WHAT IS BEING ASKED: Skip the pictures. Transcribe exactly the lines from the line containing "ビジネス　50代　60代　男性　スーツ 56971887" to the end of the listing.

GIVEN INFORMATION:
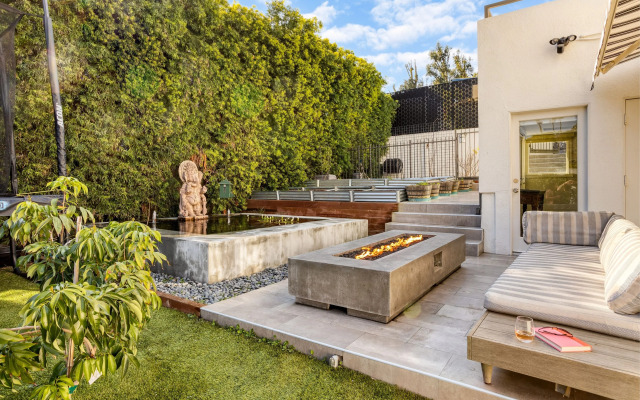 Valentino by AvantStay | Luxury Hollywood Mansion, Los Angeles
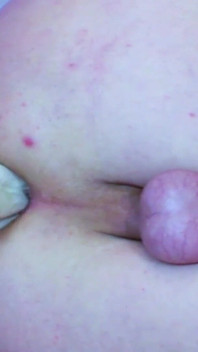 Młoda chuda nastolatka chciała seksu tylko ze swoim chłopakiem, ale powinna również palcami swojego chłopaka analem z gumową rękawiczką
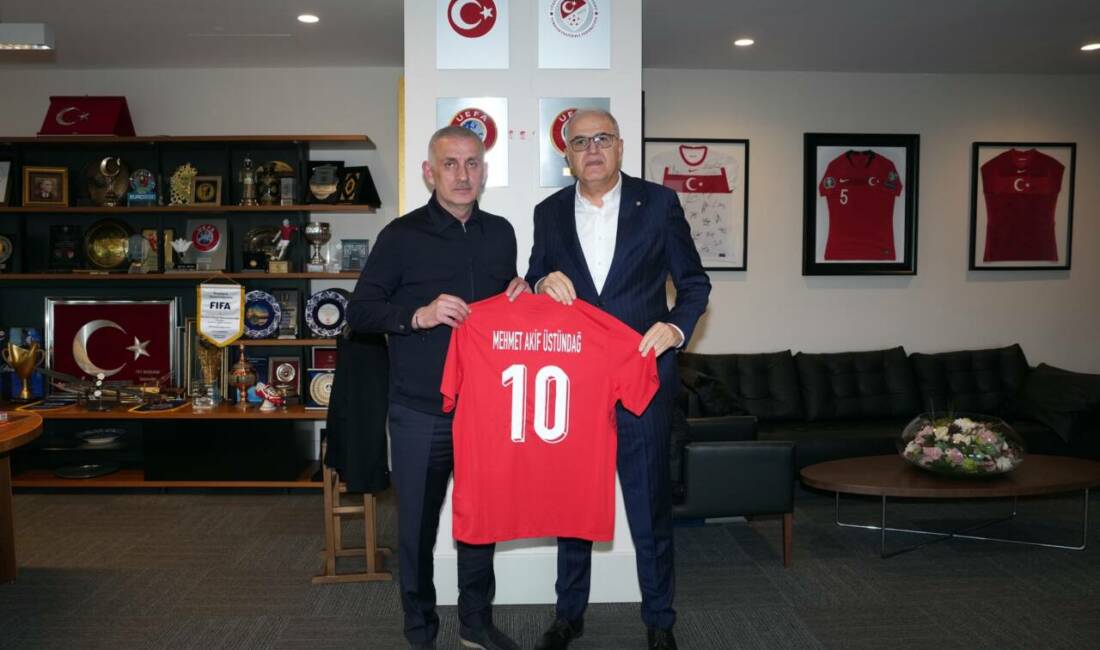 Türkiye Voleybol Federasyonu (TVF) Başkanı Mehmet Akif Üstündağ, Türkiye Futbol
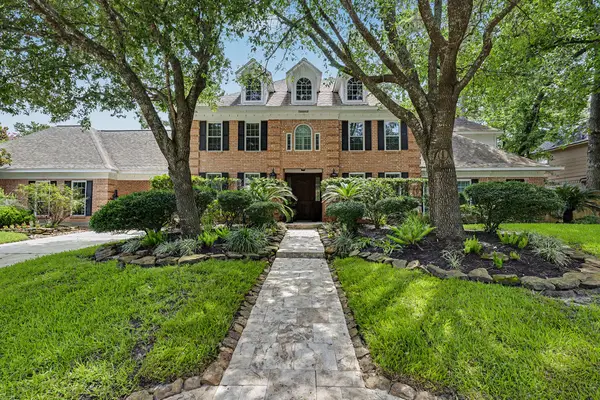 1726 Chestnut Grove Lane, Houston, TX 77345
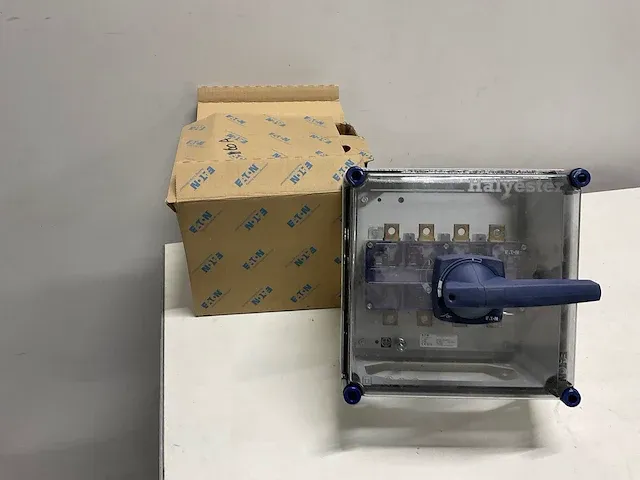 Eaton industries halyester skh schakelaarkast - afbeelding 1 van  2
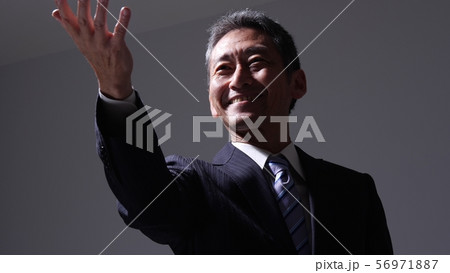 ビジネス　50代　60代　男性　スーツ 56971887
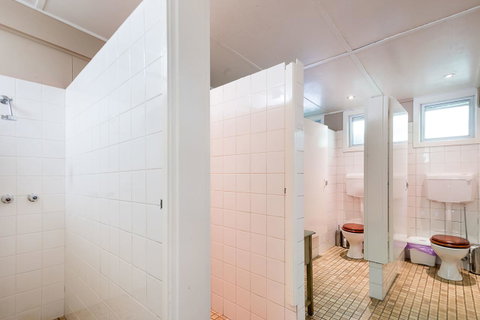 Avalon House - Accommodation Directory 24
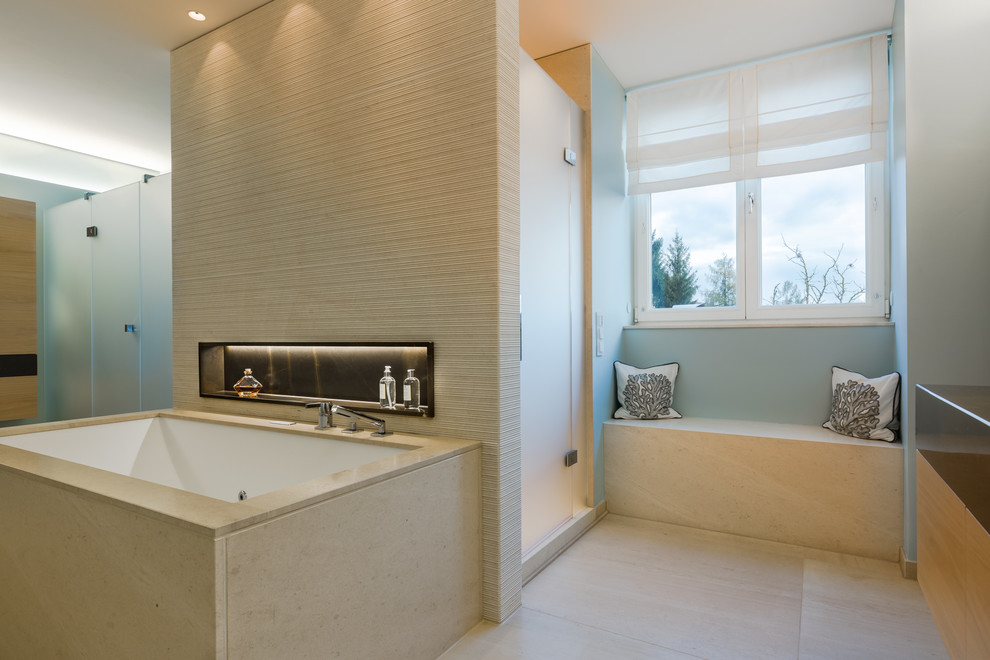 This is an example of a contemporary bathroom in Frankfurt.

EXERCISE RESPONSE:
 ビジネス　50代　60代　男性　スーツ 56971887
 Avalon House - Accommodation Directory 24
 This is an example of a contemporary bathroom in Frankfurt.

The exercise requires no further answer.